Trying to look all nonchalant and groovy on the first tee of the Wednesday comp at Twin Creeks is not unusual for me. In fact, it’s a regular occurrence. Mid-week comps are always relaxed, always social, always an opportunity to wear something new and ridiculous. I was auditioning a sleeveless woollen vest that may have been a little tight and I was feeling self-conscious. Two of the playing partners were new to me. One was the club pro, Asif, who I can’t help thinking of as ‘As If’. As in, “As if you’d wear your nanna’s knitting vest to golf.” Or, “As if I’m not going to watch you swing today and not offer you a lesson by the time we finish.” Asif is nothing like As If – it’s just how I think he must think because he’s a golf pro.

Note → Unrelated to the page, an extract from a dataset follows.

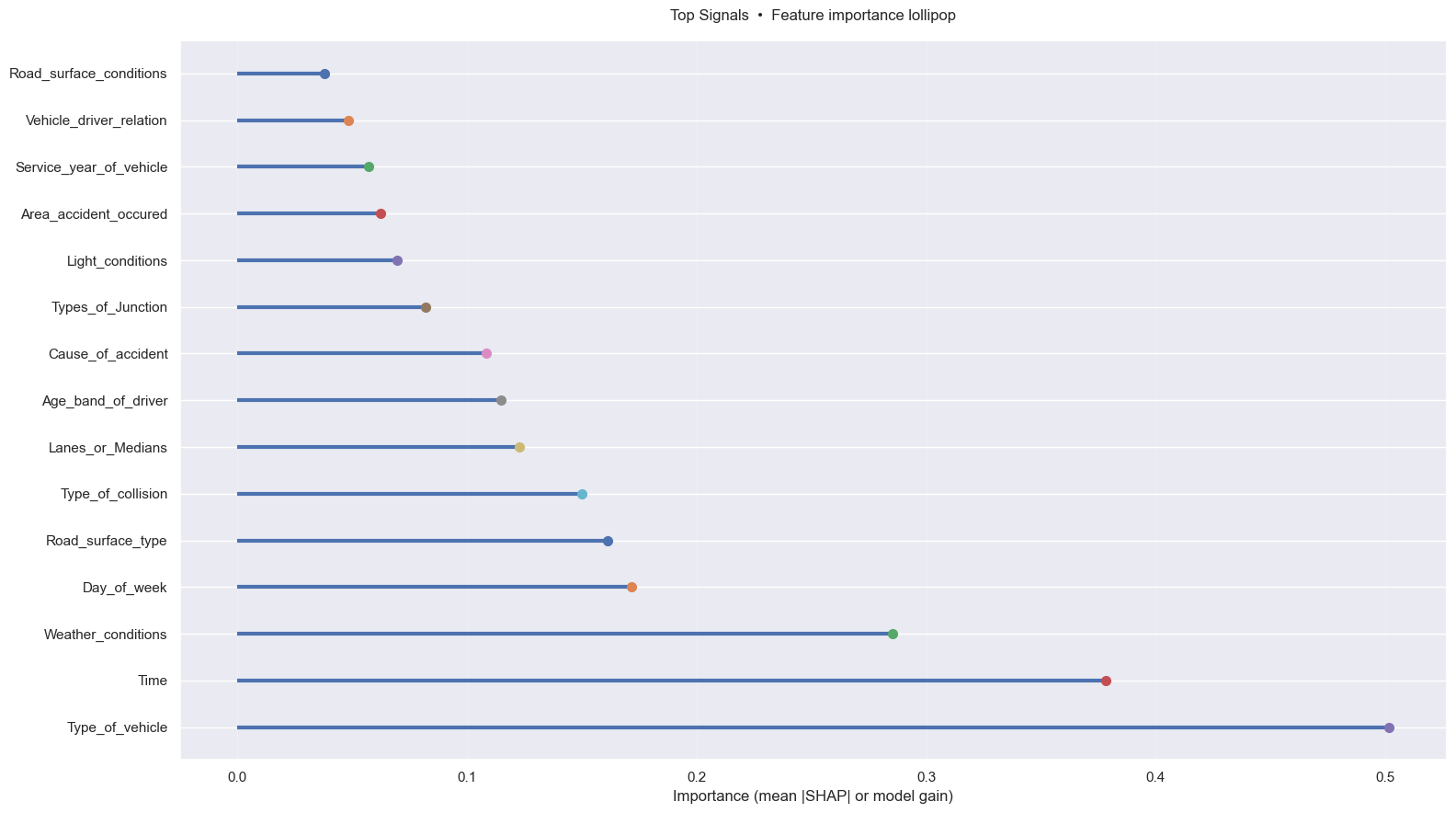 Cover image for Road Traffic Accident Severity Prediction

Then, there was this random, willowy guy on the range slugging balls into oblivion who joined us, too. I said to the fourth guy (who was looking decidedly normal and amateur for a three handicap), “Who’s that bloke?”

“Grant Thomas. Pro golfer.”

Andrew Daddo

I thought Grant Thomas [pictured] looked long and consistent and good. Now, I don’t know how you go playing with pro golfers, but I have a tendency to spiritually crap my panties. I know, it’s stupid – there’s no logic to it. But I get all nervous and clammy-handed around them. Golf crush? Maybe. And I was wearing my ‘nanna’s knitting vest’.

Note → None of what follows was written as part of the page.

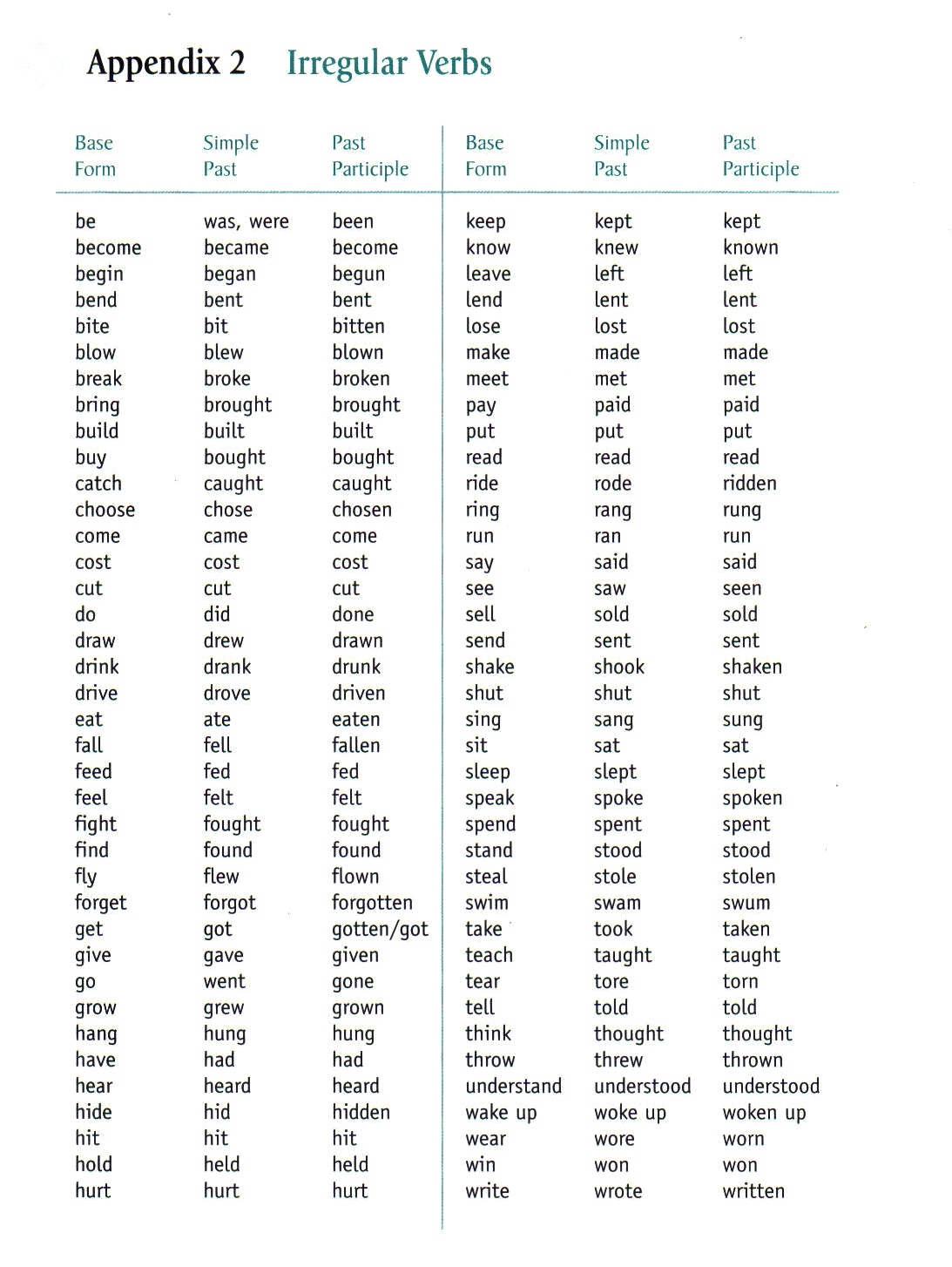 irregular-english-verbs-table – Rosa´s Blog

So the big boys hit off first and were all tight and tidy between the bunkers while I looked for a paper bag to breathe into because I was overexcited. To be safe – and show I could handle the heat and not get involved in a long-drive slugfest – I hit a 4-iron … straight into the shizen. Then I narrowly avoided it with a provisional third from the tee.

By the time I found the green (in five, first ball lost, second against a tree), I could hardly breathe. I certainly couldn’t putt. You see, I knew what they were thinking, even though they weren’t saying it. It went something like this…

Oh great; exactly what we were hoping for … golf with a buffoon dressed up like Matt Preston minus the cravat … Ah yes, the I’ve-read-lots-of golf-magazines-pre-shot-routine with the finger in the air for wind … Oh for God’s sake, get on with it!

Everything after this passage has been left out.